Washington- A base de Guantánamo, Cuba, foi escolhida por Washington para abrigar os prisioneiros de guerra afegãos porque oferece a possibilidade de instalar tribunais militares que evitem os problemas legais existentes em território americano, sem a presença muito próxima da imprensa, disseram analistas à AFP ontem. ''Guantánamo tem a vantagem de ser uma instalação totalmente sob controle, ninguém entra ou sai sem ser registrado, e a base não está sujeita aos problemas ligados à transferência e mobilização dos detidos que existem em território dos Estados Unidos'', informou Anthony Cordesman, especialista em defesa e segurança do Centro de Estudos Estratégicos e Internacionais (CSIS).
''Os tribunais militares podem operar na base, evitando-se também os problemas de se ter constantemente a presença não autorizada da imprensa, além de vazamento de informações e outros assuntos que podem convergir sobre o tratamento dos prisioneiros de guerra em um circo político'', acrescentou.
Para Ivan Eland, especialista em políticas de defesa do Instituto CATO, outro centro de reflexão de Washington, ''Guantánamo é praticamente inacessível, haverá menos jornalistas e atenção da imprensa.
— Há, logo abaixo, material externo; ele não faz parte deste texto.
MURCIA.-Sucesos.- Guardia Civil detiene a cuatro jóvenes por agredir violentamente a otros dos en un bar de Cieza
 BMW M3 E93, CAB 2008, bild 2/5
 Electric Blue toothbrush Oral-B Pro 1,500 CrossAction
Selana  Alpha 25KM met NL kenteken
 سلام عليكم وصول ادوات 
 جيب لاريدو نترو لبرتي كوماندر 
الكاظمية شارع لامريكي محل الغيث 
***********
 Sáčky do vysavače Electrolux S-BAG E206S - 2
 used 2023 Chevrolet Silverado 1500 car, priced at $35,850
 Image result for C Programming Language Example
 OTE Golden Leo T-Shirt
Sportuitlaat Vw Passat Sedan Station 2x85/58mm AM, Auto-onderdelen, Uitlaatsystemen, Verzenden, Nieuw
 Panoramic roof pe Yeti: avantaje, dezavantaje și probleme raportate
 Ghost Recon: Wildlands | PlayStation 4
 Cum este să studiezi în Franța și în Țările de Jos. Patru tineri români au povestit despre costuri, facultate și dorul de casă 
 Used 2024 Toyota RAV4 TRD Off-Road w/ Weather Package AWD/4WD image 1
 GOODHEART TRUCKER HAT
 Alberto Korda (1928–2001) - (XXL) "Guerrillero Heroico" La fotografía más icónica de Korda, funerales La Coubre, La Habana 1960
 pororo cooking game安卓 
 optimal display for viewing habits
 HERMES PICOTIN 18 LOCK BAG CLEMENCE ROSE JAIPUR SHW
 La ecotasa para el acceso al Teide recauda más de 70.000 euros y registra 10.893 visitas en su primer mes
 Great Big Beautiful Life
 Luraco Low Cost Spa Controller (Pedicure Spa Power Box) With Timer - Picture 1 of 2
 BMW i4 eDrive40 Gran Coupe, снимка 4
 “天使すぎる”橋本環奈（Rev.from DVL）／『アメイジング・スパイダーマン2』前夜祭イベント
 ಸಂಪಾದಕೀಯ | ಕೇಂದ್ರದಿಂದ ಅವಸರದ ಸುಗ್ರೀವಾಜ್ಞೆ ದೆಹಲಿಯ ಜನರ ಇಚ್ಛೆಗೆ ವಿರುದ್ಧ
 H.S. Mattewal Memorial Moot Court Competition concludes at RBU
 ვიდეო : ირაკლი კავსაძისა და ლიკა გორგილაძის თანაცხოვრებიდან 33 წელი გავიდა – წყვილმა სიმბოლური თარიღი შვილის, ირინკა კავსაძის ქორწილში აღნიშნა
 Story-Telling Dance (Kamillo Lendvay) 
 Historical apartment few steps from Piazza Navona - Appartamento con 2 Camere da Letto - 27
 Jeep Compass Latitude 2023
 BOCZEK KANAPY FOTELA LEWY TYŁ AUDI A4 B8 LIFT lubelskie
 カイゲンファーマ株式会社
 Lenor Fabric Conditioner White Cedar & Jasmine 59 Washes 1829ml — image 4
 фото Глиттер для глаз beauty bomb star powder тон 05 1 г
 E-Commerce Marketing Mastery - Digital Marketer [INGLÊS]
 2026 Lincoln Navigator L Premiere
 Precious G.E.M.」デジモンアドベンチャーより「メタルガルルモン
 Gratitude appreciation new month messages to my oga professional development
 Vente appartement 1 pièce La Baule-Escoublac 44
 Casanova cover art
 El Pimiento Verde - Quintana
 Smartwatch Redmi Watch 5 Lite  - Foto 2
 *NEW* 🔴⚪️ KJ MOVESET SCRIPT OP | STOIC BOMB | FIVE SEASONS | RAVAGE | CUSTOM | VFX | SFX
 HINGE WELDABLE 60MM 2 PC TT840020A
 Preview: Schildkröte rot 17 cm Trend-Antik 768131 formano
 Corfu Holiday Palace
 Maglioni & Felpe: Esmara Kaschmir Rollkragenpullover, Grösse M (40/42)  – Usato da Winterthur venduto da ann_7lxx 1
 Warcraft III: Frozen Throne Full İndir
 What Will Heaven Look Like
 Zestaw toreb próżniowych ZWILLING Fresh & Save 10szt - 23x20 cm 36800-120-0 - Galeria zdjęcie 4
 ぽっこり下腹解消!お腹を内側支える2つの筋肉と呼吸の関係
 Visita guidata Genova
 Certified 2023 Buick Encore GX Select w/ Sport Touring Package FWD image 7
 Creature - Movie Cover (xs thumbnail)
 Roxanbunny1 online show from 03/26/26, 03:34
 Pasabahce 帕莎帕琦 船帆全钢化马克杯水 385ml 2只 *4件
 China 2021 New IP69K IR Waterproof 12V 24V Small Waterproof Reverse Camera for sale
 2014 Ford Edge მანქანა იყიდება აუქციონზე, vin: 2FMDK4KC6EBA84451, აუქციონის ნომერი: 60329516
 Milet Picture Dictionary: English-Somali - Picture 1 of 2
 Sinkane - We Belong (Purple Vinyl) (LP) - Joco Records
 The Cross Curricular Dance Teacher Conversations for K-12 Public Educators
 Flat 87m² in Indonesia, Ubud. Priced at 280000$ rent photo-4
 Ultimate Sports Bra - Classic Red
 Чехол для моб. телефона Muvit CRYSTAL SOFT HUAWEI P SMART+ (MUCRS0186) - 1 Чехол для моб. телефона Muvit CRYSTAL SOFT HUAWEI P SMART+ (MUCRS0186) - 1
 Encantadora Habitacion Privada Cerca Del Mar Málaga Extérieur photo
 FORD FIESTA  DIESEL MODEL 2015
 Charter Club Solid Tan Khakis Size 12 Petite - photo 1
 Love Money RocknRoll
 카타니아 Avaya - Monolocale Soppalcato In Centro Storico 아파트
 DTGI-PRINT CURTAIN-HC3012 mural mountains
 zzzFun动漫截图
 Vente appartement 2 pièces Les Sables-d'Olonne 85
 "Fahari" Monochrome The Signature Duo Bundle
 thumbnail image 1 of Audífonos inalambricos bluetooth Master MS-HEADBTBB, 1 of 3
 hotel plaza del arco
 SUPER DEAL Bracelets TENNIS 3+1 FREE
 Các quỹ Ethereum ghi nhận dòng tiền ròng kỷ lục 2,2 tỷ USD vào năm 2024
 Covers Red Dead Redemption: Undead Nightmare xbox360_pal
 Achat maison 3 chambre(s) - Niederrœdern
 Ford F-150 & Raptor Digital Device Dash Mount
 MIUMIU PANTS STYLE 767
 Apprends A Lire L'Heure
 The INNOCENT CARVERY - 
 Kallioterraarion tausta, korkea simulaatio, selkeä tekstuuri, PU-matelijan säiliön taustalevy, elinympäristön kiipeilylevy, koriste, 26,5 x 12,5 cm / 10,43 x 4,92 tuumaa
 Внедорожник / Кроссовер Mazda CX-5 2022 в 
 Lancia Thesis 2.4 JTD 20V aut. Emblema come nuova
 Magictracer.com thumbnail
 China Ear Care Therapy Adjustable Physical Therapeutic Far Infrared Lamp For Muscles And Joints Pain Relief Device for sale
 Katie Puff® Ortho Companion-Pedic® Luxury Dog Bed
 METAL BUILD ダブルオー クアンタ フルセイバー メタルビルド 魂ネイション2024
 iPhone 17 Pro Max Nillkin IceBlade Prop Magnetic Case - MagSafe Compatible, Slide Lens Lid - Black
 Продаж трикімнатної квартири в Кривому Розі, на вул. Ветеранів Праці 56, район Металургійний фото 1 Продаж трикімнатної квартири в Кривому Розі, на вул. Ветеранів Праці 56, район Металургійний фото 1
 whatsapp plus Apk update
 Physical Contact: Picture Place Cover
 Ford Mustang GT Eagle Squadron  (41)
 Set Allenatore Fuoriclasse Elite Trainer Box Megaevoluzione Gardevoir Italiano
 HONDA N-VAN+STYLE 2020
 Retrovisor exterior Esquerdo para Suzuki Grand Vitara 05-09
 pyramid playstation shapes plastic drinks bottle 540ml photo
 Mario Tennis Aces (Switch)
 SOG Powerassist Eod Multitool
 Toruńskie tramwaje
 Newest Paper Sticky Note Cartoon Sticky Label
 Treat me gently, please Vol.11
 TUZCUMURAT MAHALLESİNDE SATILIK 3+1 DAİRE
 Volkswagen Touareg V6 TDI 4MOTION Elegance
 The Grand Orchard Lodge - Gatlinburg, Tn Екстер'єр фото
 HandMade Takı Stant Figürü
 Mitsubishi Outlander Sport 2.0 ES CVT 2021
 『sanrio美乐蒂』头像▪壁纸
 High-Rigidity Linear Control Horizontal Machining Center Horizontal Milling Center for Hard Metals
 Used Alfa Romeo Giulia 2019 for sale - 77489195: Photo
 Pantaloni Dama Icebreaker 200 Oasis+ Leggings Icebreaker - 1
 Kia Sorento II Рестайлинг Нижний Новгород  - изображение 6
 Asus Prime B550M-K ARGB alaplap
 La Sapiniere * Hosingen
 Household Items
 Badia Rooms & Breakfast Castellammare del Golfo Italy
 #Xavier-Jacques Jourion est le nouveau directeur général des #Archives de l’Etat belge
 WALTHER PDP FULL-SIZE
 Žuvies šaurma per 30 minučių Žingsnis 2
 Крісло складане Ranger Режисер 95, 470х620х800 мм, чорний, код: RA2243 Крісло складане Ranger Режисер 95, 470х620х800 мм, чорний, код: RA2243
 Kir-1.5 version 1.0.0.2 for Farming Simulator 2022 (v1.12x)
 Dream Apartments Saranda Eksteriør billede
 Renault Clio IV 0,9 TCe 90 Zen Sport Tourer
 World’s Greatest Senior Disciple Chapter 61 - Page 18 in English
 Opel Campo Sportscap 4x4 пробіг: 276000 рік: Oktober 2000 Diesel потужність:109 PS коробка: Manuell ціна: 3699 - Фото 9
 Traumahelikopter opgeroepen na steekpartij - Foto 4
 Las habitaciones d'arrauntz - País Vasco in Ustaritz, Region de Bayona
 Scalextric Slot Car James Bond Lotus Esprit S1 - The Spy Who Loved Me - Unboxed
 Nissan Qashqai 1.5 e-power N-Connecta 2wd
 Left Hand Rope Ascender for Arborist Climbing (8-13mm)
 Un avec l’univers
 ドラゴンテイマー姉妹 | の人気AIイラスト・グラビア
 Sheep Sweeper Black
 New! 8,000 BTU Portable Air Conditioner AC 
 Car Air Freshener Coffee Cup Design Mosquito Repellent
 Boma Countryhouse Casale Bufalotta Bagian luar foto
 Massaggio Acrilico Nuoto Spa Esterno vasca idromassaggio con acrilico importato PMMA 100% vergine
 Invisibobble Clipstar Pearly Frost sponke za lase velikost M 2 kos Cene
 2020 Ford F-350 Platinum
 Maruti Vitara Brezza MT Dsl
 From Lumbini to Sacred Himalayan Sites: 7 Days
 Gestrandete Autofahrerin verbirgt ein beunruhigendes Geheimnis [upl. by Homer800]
Além disso, é uma forma de justificar a existência de uma base que havia caído em desuso, e que os Estados Unidos querem manter nem que seja apenas para incomodar (o presidente cubano, Fidel) Castro'', opinou.
Prisioneiros Os Estados Unidos têm sob controle (no Afeganistão ou em navios) um total de 70 prisioneiros, incluindo dirigentes talebans e supostos membros da Al Qaeda, informou ontem a porta-voz do Pentágono, Victoria Clarke. Vinte e cinco prisioneiros foram transferidos do Paquistão para o Centro de detenção dos 'marines' em Kandahar. Oito não afegãos continuam sendo interrogados na embarcação Peleliu no mar de Omã, entre eles o taleban americano John Walker Lindh, um australiano e um saudita.